(PROBLEM DESCRIPTION):
From the first line to the last, give the material again exactly, without the images.
DATA EXCERPT: Begin
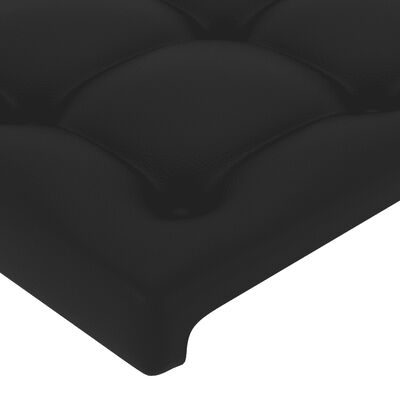vidaXL Krevet s oprugama i madracem crni 160 x 200 cm od umjetne kože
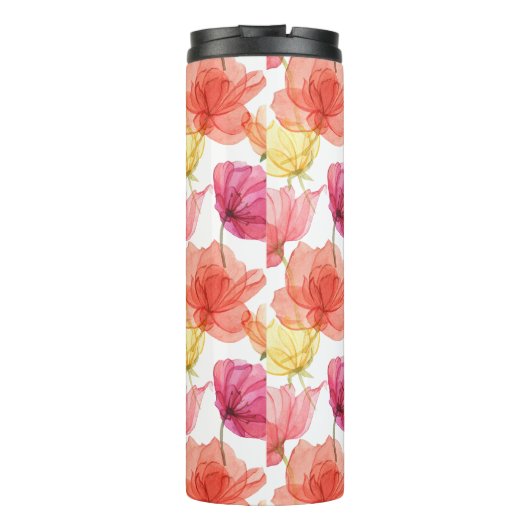 マゼンタピンクとオレンジ色の水カラーフローラ タンブラー (裏面)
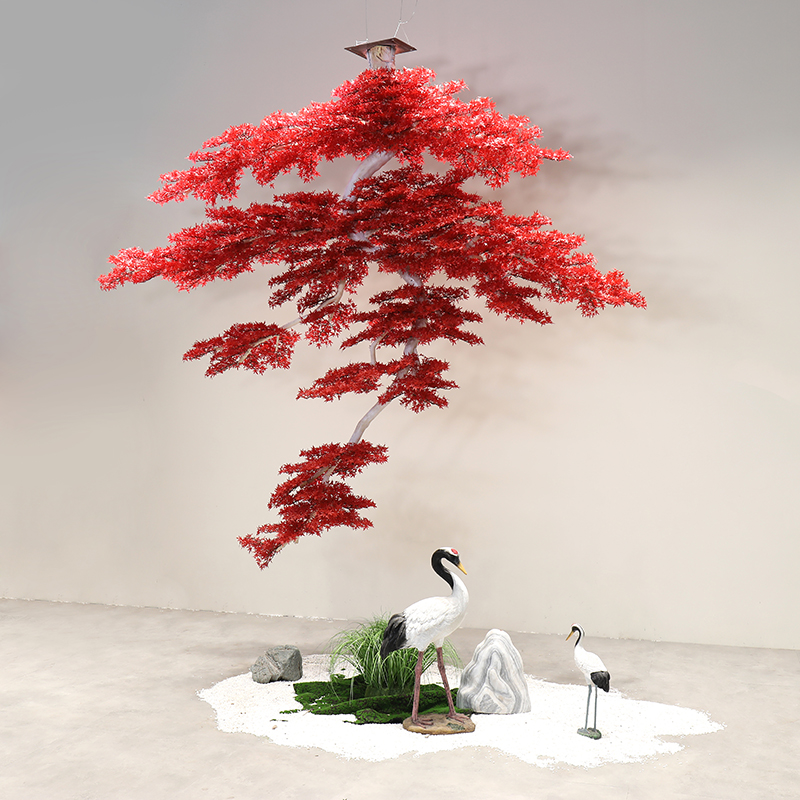 仿真悬挂红色枫树松树迎客松鸡爪槭壁挂酒店商场展厅吊挂装饰摆件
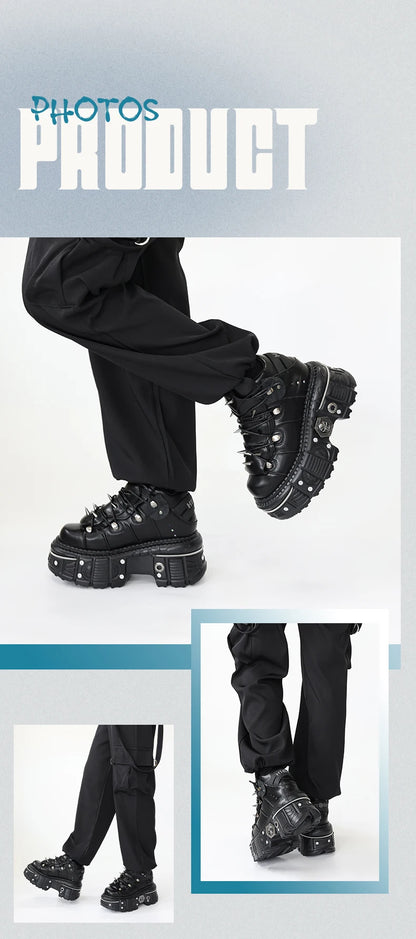 New Punk Style Women Shoes Lace-up Heel Height 6CM Platform Shoes Woman Gothic Ankle Rock Boots Metal Decor Woman Sneakers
DATA EXCERPT: End
(TASK RESPONSE):
vidaXL Krevet s oprugama i madracem crni 160 x 200 cm od umjetne kože
 マゼンタピンクとオレンジ色の水カラーフローラ タンブラー (裏面)
 仿真悬挂红色枫树松树迎客松鸡爪槭壁挂酒店商场展厅吊挂装饰摆件
 New Punk Style Women Shoes Lace-up Heel Height 6CM Platform Shoes Woman Gothic Ankle Rock Boots Metal Decor Woman Sneakers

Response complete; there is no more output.